When the CPU Fan is positioned to blow vertically, the heatsink is rather close to the memory slots (all full - the hs is close to the plastic heat disaptor things on the RAM http://www.newegg.com/Product/Product.aspx?Item=N82E16820231209 ). I dont think thats a huge problem, but it is a consideration.

I mentioned above, the vide card http://www.newegg.com/Product/Product.aspx?Item=N82E16814121290R is really pushing it for length after I plug in the power, so the middle fan closest to it might be out. Side question: why does this card use two power cables?

Another side question: I would like to get a couple cable extenders so I can route my power cables behind the MB tray.
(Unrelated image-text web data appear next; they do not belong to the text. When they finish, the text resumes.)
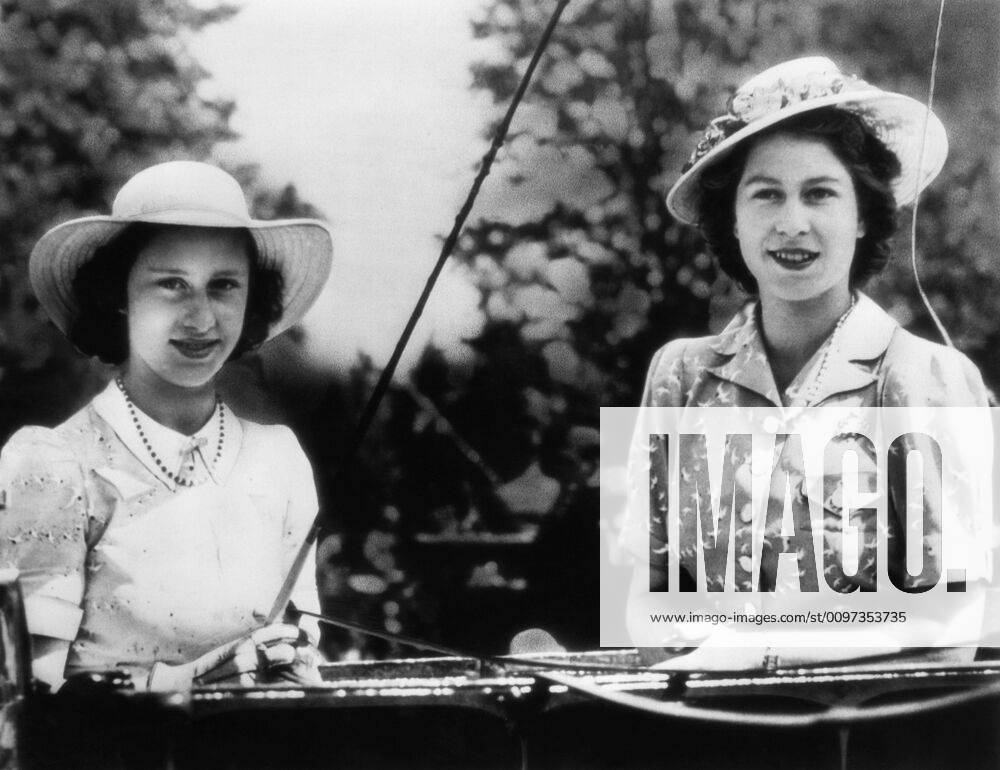 British Royal Family. Future Countess of Snowdon Princess Margaret and Future Queen of England Princess Elizabeth at the Windsor Royal Horse Show, May 27, 1944. Courtesy Everett Collection PUBLICATIONXNOTxINxCANxCHNxFRAxITAxJPNxNORxPOLxRUSxESPxUKxUSA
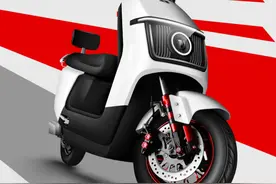 再见吧雅迪！2款实用性电动摩托车来了，最高时速70码，续航400里图片
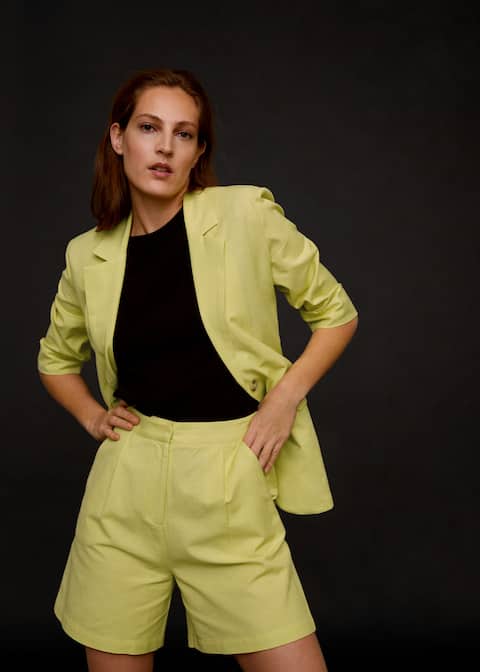 Pleated shorts - Details of the article 3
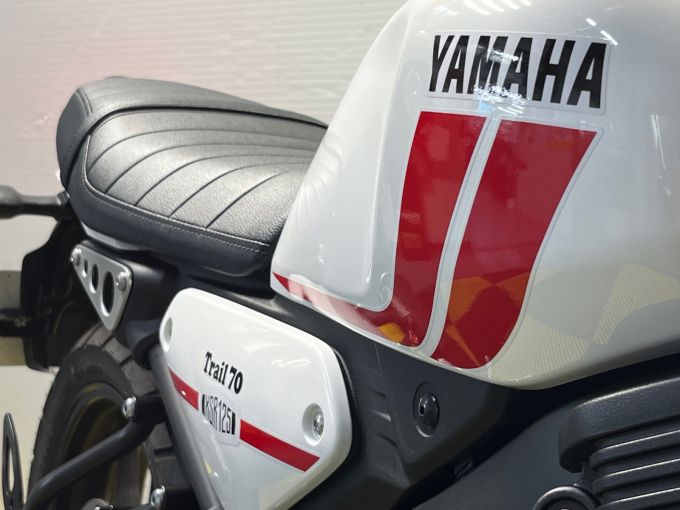 YAMAHA XSR 125 4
Where do you guys recomend I look for quality extenders?
 
Orient the cpu fan so that it blows from front to rear. You have a large blue colored heatsink between the cpu socket and the rear parts. You have memory banks on the opposite side of the cpu socket. Pretty simple.

It is aboslutely normal for large cpu heatsinks to be near or over the memory modules. Sometimes memory modules with extra tall heatspreaders will prevent the use of a large cpu heatsink. That's why I don't bother with them. I let the cpu heatsink fan pull air of the memory moduels.

A variety of extension cables are available from many online vendors, including newegg.com

 
I have the same case, and here's what I've done:

- removed the fan from the lower chamber and blocked off the vents around the power supply opening. I'm using an Enermax 82+ power supply and it's fan is plenty good enough to pull air through the lower chamber and keep the hard drives cool.

- one Antec 3-speed fan set to "low" just behind the upper air filter. (There's no point having two fans as you have in your diagram, they aren't going to move any more air.)

- rear and top Antec 3-speed fans set to "low" as you have in your diagram.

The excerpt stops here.